▶ _Task to carry out_
When you write out the listing, keep every character and omit the pictures.

▶ _Recorded data_
****
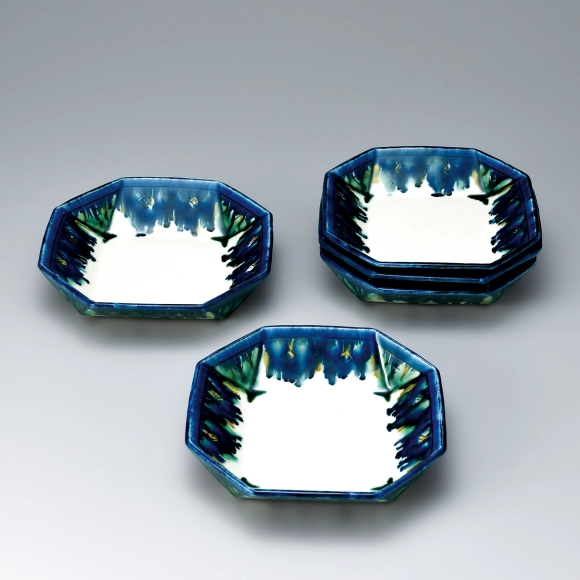 Set of Octagonal Bowls with Three Color Glaze Decoration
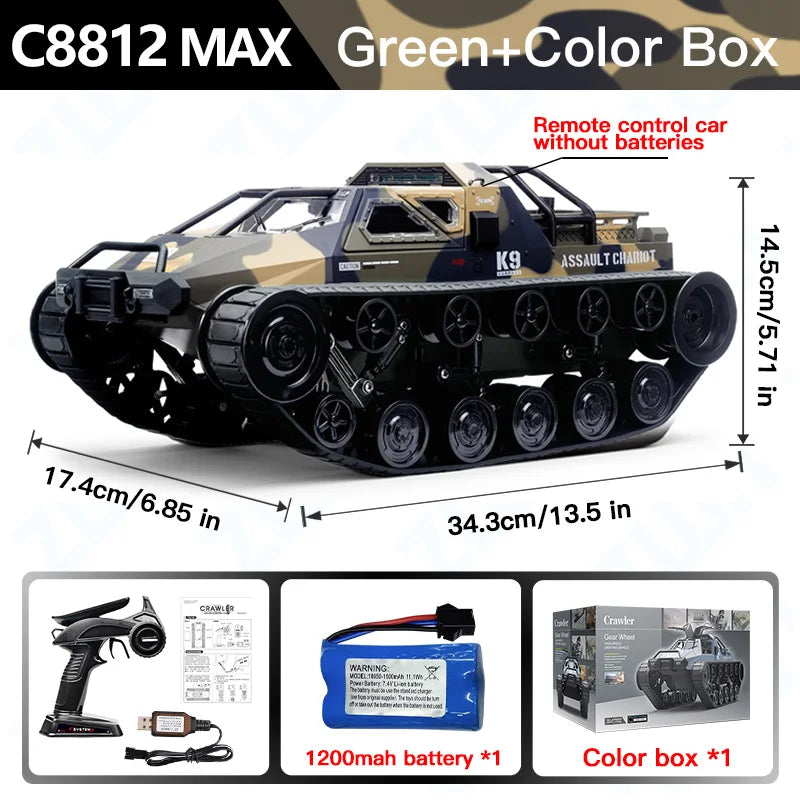 C8812 MAX RC Tank Car LED Light Full Scale Drift Off-Road Remote Control Toy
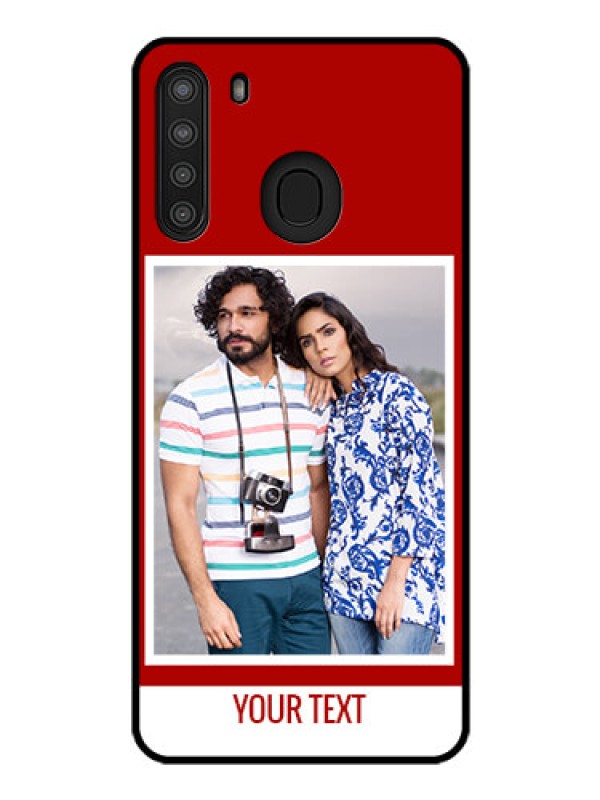 Custom Galaxy A21 Personalized Glass Phone Case - Simple Red Color Design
****
▶ _Result for this exercise_
 Set of Octagonal Bowls with Three Color Glaze Decoration
 C8812 MAX RC Tank Car LED Light Full Scale Drift Off-Road Remote Control Toy
 Custom Galaxy A21 Personalized Glass Phone Case - Simple Red Color Design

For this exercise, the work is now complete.